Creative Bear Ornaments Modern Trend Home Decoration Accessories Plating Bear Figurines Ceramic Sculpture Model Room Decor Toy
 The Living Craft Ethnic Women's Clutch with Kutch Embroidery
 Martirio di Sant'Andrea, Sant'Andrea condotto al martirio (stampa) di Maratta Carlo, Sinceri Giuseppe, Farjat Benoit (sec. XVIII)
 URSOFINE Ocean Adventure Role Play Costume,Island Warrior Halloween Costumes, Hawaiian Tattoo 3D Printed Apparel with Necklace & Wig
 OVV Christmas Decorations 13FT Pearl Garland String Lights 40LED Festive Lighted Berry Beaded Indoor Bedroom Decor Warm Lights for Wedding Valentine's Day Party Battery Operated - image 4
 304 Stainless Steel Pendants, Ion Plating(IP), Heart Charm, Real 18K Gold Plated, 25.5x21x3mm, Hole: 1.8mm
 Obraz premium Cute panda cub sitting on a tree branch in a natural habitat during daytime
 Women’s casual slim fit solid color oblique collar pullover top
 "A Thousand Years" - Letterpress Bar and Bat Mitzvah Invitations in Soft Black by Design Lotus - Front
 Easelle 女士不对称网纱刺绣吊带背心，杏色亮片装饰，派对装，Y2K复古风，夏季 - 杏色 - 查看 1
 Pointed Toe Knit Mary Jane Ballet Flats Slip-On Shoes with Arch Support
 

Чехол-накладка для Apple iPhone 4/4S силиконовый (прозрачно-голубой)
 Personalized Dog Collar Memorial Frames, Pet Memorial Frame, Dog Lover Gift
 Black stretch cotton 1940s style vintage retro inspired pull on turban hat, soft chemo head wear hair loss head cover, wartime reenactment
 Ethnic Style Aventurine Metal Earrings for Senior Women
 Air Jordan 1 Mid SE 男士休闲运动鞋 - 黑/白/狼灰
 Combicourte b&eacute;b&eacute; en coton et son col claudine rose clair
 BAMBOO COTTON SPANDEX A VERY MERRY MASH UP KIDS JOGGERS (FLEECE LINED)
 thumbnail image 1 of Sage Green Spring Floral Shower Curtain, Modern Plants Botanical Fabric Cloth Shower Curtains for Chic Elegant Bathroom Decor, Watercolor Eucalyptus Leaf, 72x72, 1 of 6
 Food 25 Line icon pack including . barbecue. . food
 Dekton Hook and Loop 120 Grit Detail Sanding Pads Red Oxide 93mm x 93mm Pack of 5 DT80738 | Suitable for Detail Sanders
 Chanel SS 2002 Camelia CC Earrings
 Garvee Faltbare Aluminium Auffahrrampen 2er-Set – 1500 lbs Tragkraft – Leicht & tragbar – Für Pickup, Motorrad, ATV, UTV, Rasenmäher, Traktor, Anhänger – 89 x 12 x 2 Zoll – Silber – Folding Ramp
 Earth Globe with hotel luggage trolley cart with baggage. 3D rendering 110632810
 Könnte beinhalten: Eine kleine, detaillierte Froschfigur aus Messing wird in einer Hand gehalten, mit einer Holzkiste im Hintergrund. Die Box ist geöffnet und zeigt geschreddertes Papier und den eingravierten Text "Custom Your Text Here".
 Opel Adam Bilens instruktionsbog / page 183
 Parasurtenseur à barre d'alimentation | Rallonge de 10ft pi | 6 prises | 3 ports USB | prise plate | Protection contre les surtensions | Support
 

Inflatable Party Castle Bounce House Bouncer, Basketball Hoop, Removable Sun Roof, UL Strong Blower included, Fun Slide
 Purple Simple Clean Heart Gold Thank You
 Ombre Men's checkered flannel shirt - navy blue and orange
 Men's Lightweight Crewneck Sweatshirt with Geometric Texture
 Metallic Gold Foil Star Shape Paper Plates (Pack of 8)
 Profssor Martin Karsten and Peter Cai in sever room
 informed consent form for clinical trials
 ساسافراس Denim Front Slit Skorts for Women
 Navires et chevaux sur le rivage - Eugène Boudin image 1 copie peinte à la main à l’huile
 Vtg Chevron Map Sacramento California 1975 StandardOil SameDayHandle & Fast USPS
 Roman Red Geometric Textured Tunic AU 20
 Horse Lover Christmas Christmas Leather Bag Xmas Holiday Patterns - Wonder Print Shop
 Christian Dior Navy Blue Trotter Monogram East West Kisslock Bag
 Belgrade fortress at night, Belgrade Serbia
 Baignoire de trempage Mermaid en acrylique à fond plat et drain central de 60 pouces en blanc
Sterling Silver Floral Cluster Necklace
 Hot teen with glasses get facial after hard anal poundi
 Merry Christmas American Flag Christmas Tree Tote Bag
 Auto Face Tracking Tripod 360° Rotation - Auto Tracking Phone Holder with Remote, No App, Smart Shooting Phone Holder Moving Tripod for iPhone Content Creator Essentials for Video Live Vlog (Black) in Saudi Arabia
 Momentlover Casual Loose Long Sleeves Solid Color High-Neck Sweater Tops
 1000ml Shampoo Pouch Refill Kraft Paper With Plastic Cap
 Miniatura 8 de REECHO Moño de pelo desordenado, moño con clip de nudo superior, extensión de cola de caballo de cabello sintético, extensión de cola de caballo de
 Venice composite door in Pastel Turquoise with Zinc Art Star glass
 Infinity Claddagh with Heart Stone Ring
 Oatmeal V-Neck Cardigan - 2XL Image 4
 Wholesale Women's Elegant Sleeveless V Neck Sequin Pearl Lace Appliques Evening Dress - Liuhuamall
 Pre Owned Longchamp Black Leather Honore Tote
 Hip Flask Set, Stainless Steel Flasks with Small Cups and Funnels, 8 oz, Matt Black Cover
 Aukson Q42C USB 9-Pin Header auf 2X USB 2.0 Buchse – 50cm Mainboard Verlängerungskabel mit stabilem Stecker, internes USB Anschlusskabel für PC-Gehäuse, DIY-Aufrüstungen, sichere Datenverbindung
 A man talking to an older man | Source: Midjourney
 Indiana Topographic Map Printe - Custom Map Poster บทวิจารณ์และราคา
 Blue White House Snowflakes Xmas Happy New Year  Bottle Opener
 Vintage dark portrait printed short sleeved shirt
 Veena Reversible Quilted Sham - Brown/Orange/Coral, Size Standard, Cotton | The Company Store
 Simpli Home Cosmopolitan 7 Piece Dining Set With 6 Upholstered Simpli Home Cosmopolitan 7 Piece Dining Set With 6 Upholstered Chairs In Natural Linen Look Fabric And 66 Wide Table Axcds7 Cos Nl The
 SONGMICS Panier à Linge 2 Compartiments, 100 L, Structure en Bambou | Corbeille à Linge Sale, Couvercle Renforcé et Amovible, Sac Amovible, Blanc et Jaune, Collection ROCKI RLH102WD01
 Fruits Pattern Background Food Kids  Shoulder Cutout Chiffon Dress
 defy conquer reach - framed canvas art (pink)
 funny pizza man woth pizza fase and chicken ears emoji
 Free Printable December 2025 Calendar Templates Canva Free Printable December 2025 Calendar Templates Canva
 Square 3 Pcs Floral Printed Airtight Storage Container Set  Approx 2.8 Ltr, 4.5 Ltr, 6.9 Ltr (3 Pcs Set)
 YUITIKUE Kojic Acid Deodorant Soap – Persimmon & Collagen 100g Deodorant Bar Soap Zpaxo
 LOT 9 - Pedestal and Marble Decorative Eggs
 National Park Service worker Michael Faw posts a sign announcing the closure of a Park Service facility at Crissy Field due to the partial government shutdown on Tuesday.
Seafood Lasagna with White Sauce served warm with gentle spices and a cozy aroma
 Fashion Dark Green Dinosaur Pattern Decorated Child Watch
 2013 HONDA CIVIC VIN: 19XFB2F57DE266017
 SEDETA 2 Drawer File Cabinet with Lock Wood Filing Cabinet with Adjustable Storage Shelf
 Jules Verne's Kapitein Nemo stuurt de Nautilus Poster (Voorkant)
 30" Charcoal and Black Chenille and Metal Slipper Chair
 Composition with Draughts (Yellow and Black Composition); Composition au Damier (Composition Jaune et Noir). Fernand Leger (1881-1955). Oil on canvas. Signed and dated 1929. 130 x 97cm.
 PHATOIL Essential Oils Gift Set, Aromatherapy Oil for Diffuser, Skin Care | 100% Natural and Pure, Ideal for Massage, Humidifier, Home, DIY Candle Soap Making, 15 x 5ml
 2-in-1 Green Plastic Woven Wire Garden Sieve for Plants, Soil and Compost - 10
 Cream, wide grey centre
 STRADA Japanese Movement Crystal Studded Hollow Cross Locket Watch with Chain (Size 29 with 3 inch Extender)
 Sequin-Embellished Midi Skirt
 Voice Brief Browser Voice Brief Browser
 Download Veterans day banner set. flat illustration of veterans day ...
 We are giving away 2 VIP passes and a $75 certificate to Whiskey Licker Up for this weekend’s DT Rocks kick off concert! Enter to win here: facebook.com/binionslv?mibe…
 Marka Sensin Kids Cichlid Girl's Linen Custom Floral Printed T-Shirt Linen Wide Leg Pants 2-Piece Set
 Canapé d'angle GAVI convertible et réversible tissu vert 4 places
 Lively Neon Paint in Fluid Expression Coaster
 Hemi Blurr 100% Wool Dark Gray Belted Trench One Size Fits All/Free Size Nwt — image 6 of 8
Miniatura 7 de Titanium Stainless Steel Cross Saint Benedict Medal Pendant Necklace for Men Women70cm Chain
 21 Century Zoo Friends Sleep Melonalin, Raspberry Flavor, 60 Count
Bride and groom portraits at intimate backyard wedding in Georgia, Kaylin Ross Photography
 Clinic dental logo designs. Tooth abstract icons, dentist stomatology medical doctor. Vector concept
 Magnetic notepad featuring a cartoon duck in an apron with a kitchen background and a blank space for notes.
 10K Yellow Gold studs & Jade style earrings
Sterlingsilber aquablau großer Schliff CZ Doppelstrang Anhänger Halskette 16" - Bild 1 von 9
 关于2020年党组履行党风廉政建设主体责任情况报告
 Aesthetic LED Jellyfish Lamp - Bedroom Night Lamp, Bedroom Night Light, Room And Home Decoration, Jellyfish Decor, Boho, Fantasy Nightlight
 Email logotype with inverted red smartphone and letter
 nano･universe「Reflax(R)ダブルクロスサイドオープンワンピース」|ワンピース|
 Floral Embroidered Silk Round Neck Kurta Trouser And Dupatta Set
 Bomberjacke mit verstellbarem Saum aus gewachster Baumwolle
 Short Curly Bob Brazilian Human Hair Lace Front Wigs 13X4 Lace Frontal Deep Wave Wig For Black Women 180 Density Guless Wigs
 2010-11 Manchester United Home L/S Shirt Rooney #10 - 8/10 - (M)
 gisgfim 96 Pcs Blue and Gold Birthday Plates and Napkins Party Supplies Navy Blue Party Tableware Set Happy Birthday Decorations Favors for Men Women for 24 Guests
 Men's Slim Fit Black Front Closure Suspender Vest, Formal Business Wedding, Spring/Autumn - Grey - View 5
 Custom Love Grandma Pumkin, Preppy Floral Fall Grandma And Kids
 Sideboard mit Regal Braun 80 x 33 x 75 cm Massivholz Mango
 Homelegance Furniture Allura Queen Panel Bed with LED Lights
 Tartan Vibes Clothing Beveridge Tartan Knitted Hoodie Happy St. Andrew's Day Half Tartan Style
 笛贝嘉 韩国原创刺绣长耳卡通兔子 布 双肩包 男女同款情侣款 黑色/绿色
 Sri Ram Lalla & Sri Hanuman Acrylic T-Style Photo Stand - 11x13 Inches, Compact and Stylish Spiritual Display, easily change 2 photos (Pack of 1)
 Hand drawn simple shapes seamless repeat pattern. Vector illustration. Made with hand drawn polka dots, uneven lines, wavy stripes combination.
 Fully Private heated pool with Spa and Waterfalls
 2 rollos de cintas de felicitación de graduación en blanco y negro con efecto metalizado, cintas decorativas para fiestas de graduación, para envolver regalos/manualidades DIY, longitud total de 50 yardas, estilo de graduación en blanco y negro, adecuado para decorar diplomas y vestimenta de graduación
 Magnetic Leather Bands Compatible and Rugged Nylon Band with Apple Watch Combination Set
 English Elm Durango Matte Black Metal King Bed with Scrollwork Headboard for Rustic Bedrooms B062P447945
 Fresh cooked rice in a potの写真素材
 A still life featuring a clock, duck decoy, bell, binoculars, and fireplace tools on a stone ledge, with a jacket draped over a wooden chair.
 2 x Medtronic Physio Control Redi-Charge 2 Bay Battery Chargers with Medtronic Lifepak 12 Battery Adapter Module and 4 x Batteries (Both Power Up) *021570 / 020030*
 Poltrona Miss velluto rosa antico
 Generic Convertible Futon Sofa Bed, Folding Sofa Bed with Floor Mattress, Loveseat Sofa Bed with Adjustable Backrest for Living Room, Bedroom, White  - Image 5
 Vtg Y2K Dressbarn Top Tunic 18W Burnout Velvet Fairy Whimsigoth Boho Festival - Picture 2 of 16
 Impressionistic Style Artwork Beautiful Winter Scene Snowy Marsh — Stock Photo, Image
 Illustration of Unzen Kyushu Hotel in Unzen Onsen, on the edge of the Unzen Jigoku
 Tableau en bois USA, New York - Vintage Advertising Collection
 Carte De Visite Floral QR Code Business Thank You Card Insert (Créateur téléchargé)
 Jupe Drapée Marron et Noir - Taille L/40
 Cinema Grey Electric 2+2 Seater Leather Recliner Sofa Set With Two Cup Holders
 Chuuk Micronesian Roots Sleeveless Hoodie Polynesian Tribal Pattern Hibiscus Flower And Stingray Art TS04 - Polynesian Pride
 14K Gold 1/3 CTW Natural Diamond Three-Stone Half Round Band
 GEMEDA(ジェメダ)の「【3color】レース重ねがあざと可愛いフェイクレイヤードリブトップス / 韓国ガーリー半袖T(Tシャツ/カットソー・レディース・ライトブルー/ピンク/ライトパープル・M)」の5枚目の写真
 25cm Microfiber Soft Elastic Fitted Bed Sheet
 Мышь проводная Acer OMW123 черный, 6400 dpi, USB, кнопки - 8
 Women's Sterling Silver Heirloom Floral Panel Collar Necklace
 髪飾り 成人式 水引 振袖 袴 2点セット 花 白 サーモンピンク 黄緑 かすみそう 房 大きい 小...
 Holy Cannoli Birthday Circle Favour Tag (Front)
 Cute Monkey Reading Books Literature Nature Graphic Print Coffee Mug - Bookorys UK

····················

Report each line in the entries where the string "Cross" occurs.

 STRADA Japanese Movement Crystal Studded Hollow Cross Locket Watch with Chain (Size 29 with 3 inch Extender)
Miniatura 7 de Titanium Stainless Steel Cross Saint Benedict Medal Pendant Necklace for Men Women70cm Chain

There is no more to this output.